Example: PAIRED_OR_UNPAIRED_NOT_CONSUMED_BY_PAIRED_WHEN_MAPPING

Assuming,

  • \( d_f \), \( d_r \) are datasets

  • \( tool \text{ is } (i: \text{ collection<paired> }) \Rightarrow \{ o: \text{ dataset } \} \)

  • \( C \) is \( \text{CollectionInstance<}list:paired\_or\_unpaired,\left\{ \text{ el }=\left\{ \text{ forward }=f, \text{ reverse }=r \right\} \right\}\text{>} \)

then

\[tool(i=\text{mapOver}(C)) is invalid\]

Example: PAIRED_OR_UNPAIRED_NOT_CONSUMED_BY_LIST_WHEN_MAPPING

Assuming,

  • \( d_f \), \( d_r \) are datasets

  • \( tool \text{ is } (i: \text{ collection<list> }) \Rightarrow \{ o: \text{ dataset } \} \)

  • \( C \) is \( \text{CollectionInstance<}list:paired\_or\_unpaired,\left\{ \text{ el }=\left\{ \text{ forward }=f, \text{ reverse }=r \right\} \right\}\text{>} \)

then

\[tool(i=\text{mapOver}(C)) is invalid\]

This logic extends naturally into higher dimensional collections. A list:list:paired can be mapped over either a paired_or_unpaired input to produce a nested list (list:list) or a list:paired_or_unpaired input to produce a flat list (list).
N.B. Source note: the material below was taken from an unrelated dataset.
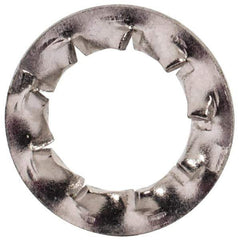 Value Collection - M6 Screw, 6.4mm ID, Stainless Steel Internal Tooth Lock Washer - 11mm OD, Uncoated, Grade 18-8 & Austenitic A2 - Exact Tool & Supply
In order for paired_or_unpaired collections to also act as a single dataset, a flat list can be mapped over a such an input with a special sub collection mapping type of ‘single_datasets’.

Examples

Example: MAPPING_LIST_OVER_PAIRED_OR_UNPAIRED

Assuming,

  • \( d_1,...,d_n \) are datasets

  • \( tool \text{ is } (i: \text{ collection<paired_or_unpaired> }) \Rightarrow \{ o: \text{ dataset } \} \)

  • \( C \) is \( \text{CollectionInstance<}list,\left\{ \text{ i1 }=d_1, ..., \text{ in }=d_n \right\}\text{>} \)
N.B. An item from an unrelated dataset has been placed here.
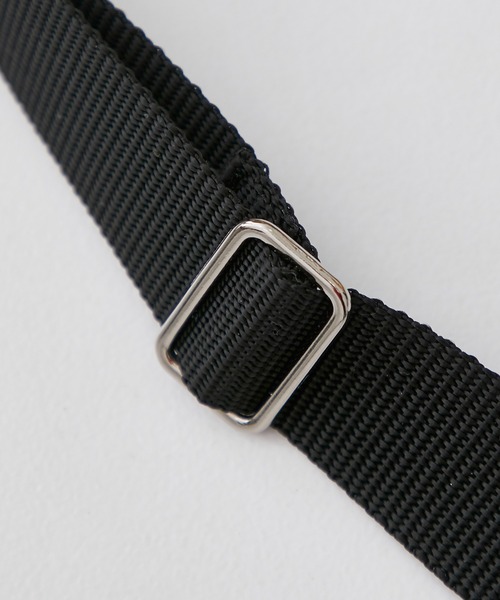 TOGA VIRILIS（トーガ ビリリース）の「Leather nylon belt（ベルト・メンズ・ブラック・FREE）」の4枚目の写真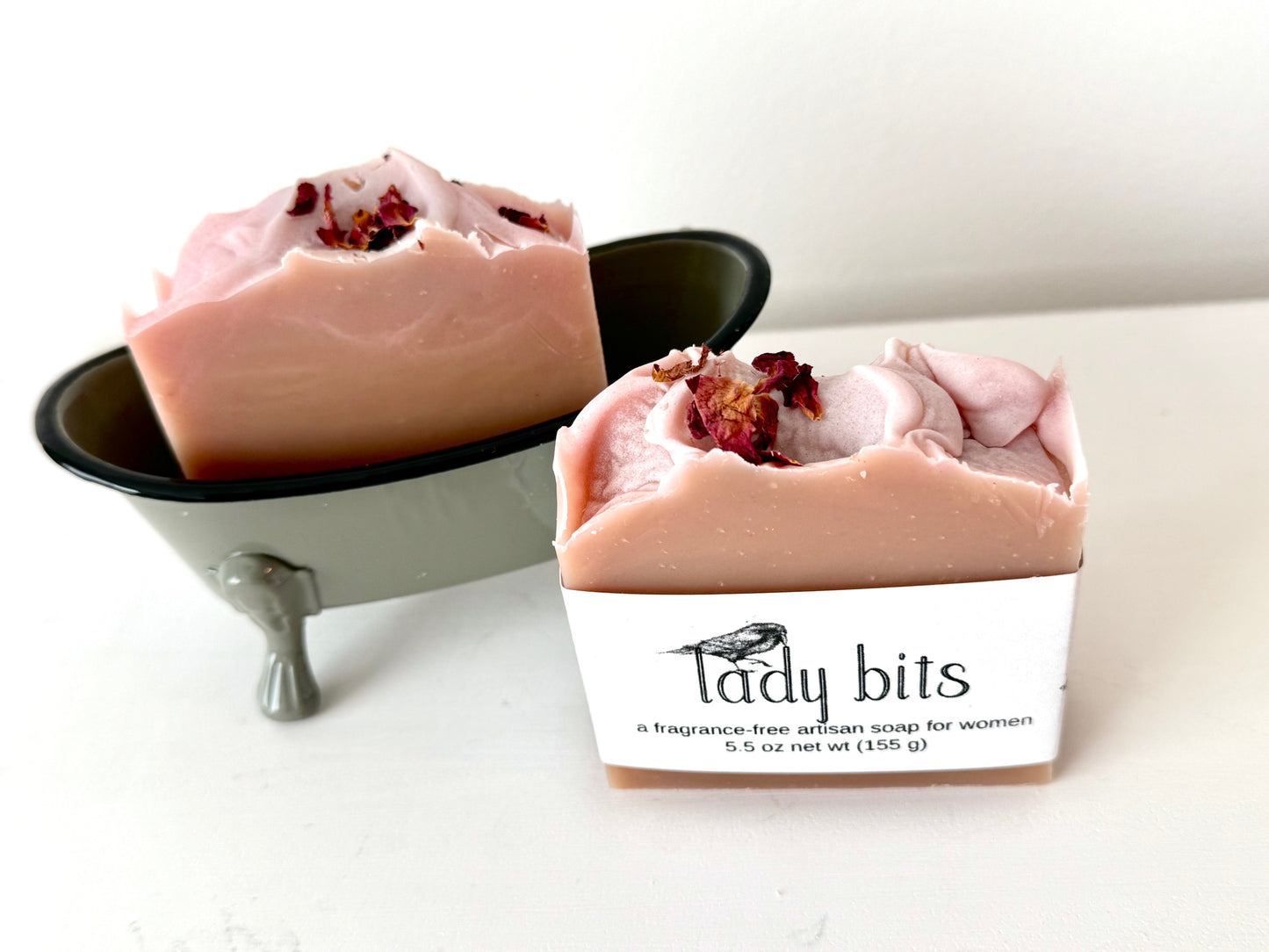 Lady Bits - Naturally Balanced Care for Women - A Fragrance Free Unscented Artisan Soap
  • \( C_AS_UNPAIRED_i = CollectionInstance<paired\_or\_unpaired,\left\{unpaired=di\right\}> for i from 1...n \)

then

\[tool(i=\text{mapOver}(C, 'single_datasets')) \mapsto \left\{o: collection<\text{list},\left\{i1=tool(i=C_AS_UNPAIRED_1)[o],...,in=tool(i=C_AS_UNPAIRED_n)[o]]\right\}>\right\}\]
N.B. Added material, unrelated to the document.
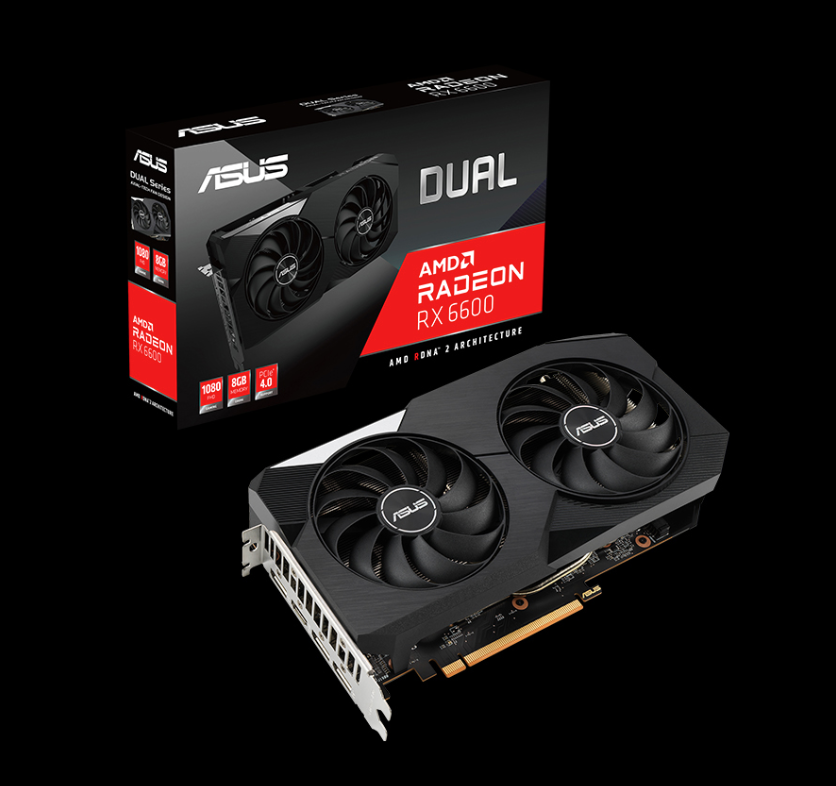  ASUS Dual Radeon RX 6600 8GB GDDR6 Graphics Card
This treatment of lists without pairing extends to nested structures naturally. For instance, a list of list of datasets (list:list) can be mapped over a paired_or_unpaired input to produce a nested list of lists (list:list) with a structure matching the input. Likewise, the nested list can be mapped over a list:paired_or_unpaired input to produce a flat list with the same structure as the outer list of the input.

Due only implementation time, the special casing of allowing paired_or_unpaired act as both datasets and paired collections only works when it is the deepest collection type. So while list:paired can be consumed by a list:paired_or_unpaired input, a paired:list cannot be consumed by a paired_or_unpaired:list input though it should be able to for consistency. We have focused our time on data structures more likely to be used in actual Galaxy analyses given current and guessed future usage.